### WORK REQUIRED
Every line below from the one containing "a table topped" through the one containing "소 한마리 국밥 한 숟가락에 깍두기를 얹어 먹는 모습" is to be printed exactly, with the pictures omitted.

### RECORDS SUPPLIED
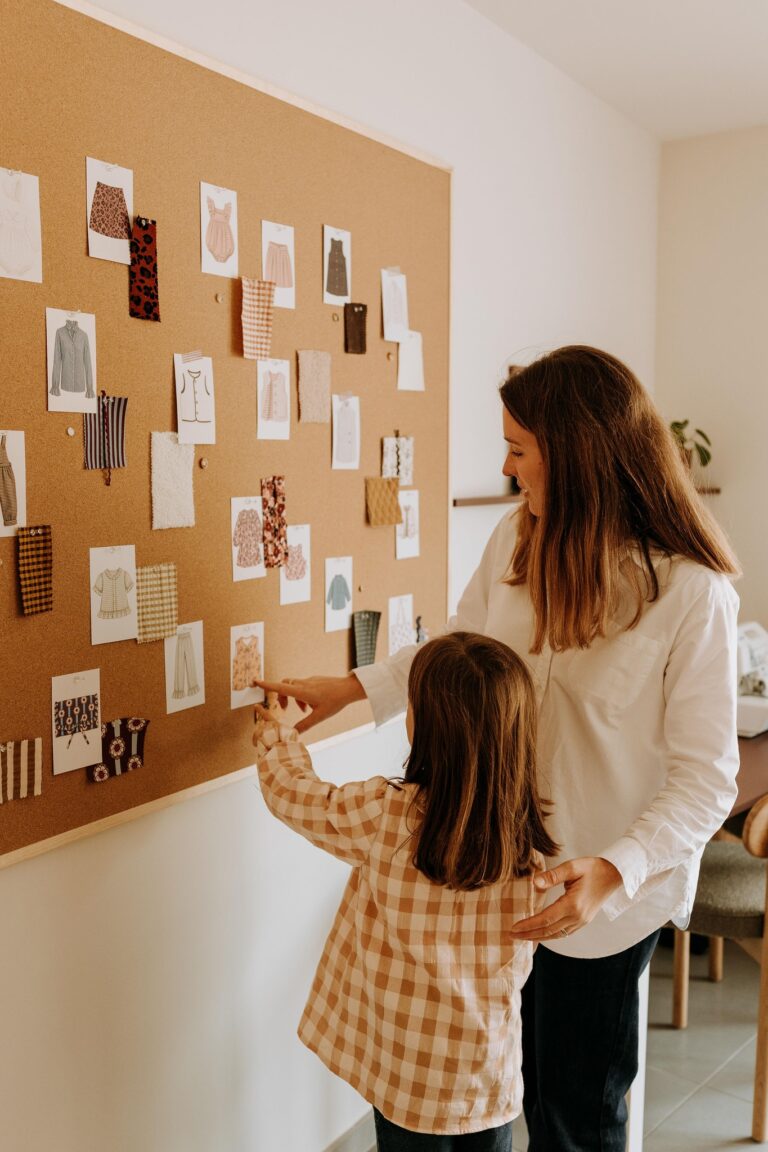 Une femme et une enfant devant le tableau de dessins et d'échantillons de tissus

...

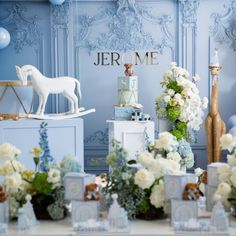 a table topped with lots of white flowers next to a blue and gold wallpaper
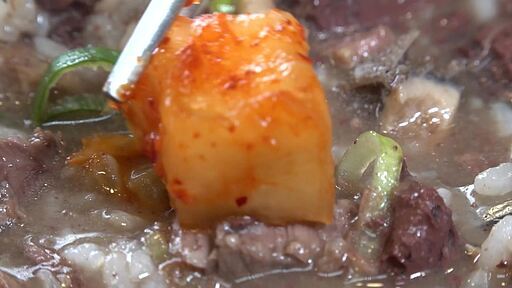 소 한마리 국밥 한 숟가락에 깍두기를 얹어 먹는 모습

### COMPLETED EXERCISE
 a table topped with lots of white flowers next to a blue and gold wallpaper
 소 한마리 국밥 한 숟가락에 깍두기를 얹어 먹는 모습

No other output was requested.